South Korea’s entertainment industry generated £12.4 billion in economic value during 2025 and supported nearly 300,000 jobs, based on a comprehensive economic study commissioned by the Motion Picture Association. The report, prepared by Oxford Economics and presented to legislators and sector representatives at the National Assembly in Seoul, demonstrates the sector’s substantial contribution to the country’s GDP through production spending, supply-chain spending and consumer expenditure. Television proved to be the dominant segment, accounting for roughly 65% of the industry’s total output, whilst the video-on-demand sector showed the greatest efficiency per worker. The findings highlight the screen industry’s critical role in South Korea’s economy and employment landscape.

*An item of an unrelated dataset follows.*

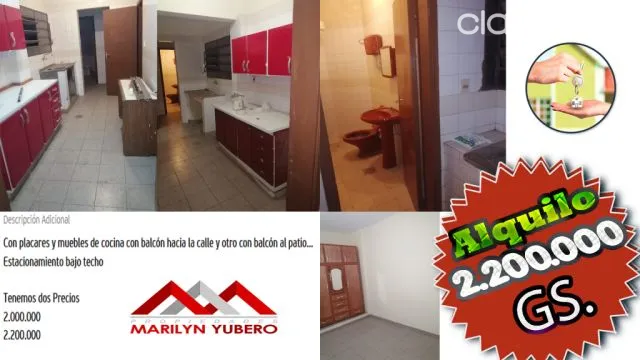2 DPTOS. en un mismo edificio en el. BARRIO SEMINARIO COD: CL 742 — foto 2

Strong Economic Engine Delivering Significant Gains
The screen industry’s financial influence goes well past its direct contributions, with the Oxford Economics study uncovering a multiplication factor that increases value throughout South Korea’s broader economy. For every KRW1 billion produced directly by the sector, an additional KRW2.1 billion circulates across consumer spending and supply chains, producing a GDP multiplier of 3.1. This cascading impact illustrates how funding for screen production reverberates across various sectors, from transport and hospitality to retail and professional services. The employment multiplier of 3.4 further illustrates this phenomenon, with each 100 direct jobs sustaining an additional 240 positions in other parts of the economy.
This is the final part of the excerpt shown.